- What you are asked to do -
No picture belongs in the copy. Repeat each line below exactly.

- Source material -
• • • • • • •

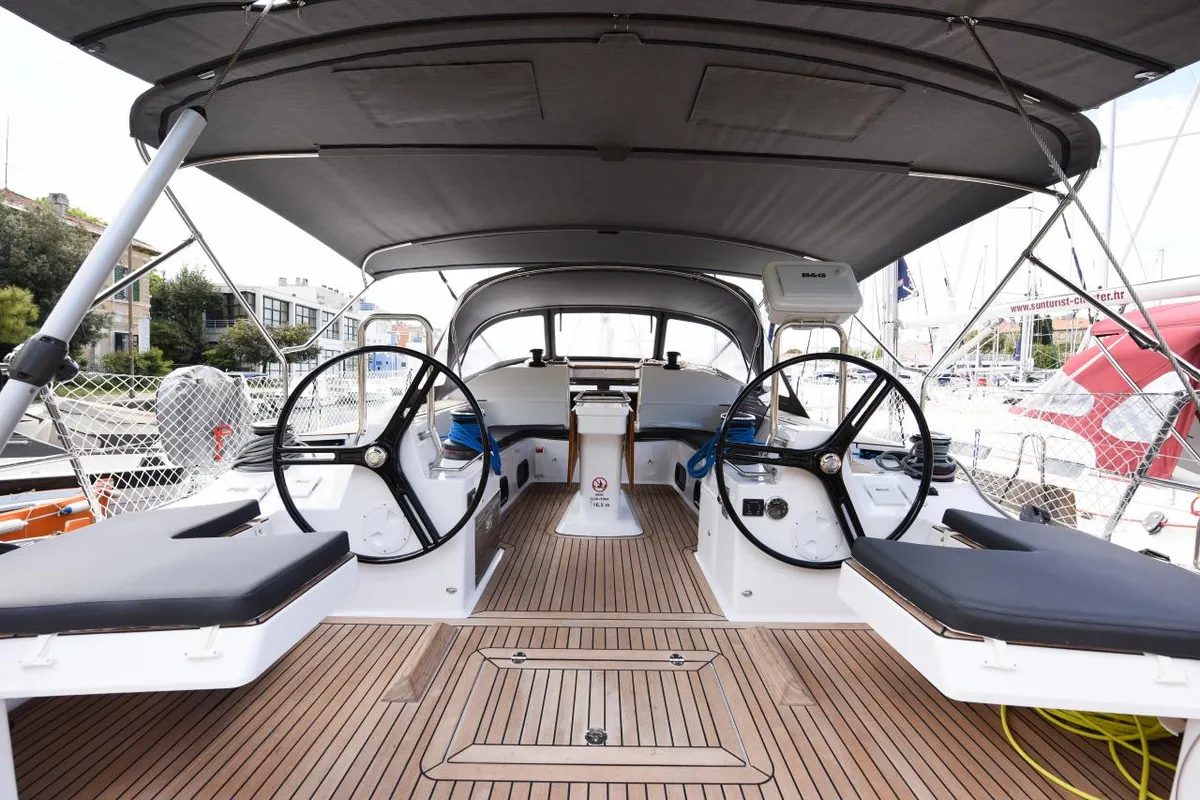 Cockpit of Mojito, a Elan Impression 50 sailboat at Zadar, Croatia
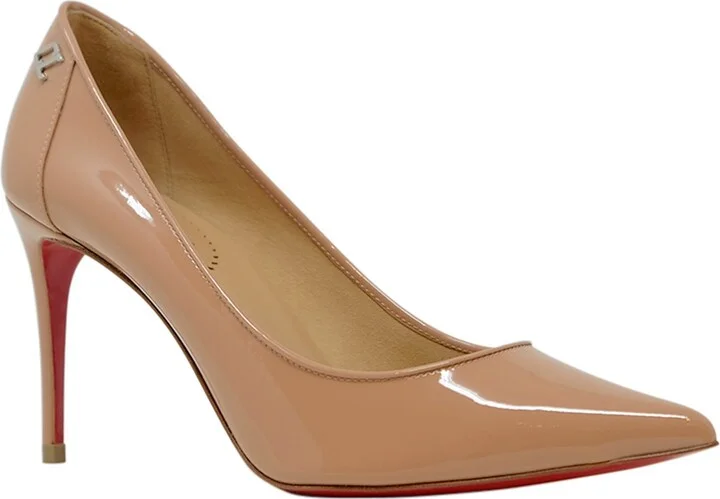 Christian Louboutin Nude Patent Leather Sporty Kate 85 Pumps - Image 2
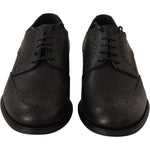 Dolce & Gabbana Black Leather Oxford Wingtip Formal Dress Shoes MV3974-39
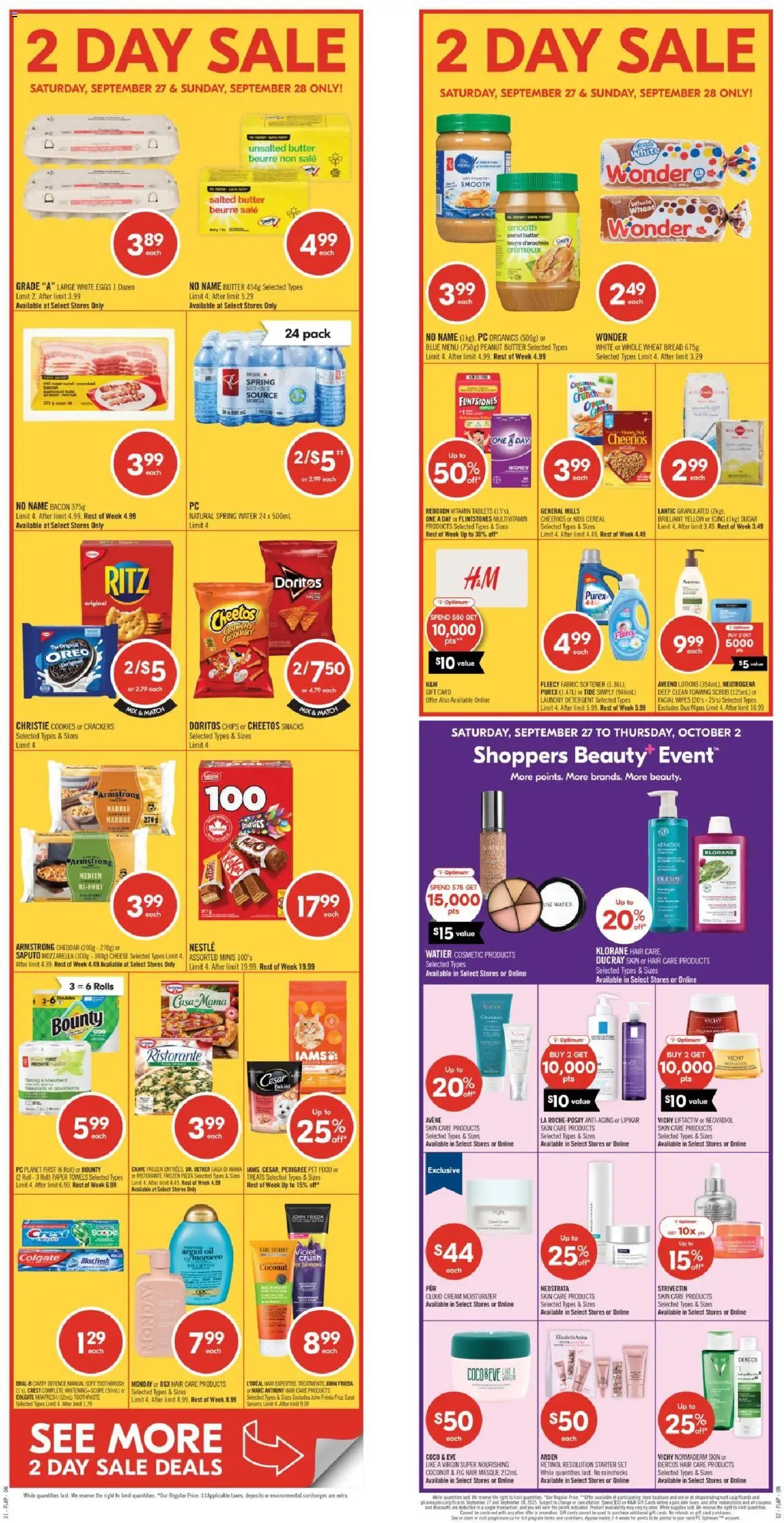 Shoppers flyer valid from 27.09.2025 | Page: 2 | Products: Cream, Shampoo, Cheese, Pizza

• • • • • • •

- Solution to this problem -
 Cockpit of Mojito, a Elan Impression 50 sailboat at Zadar, Croatia
 Christian Louboutin Nude Patent Leather Sporty Kate 85 Pumps - Image 2
 Dolce & Gabbana Black Leather Oxford Wingtip Formal Dress Shoes MV3974-39
 Shoppers flyer valid from 27.09.2025 | Page: 2 | Products: Cream, Shampoo, Cheese, Pizza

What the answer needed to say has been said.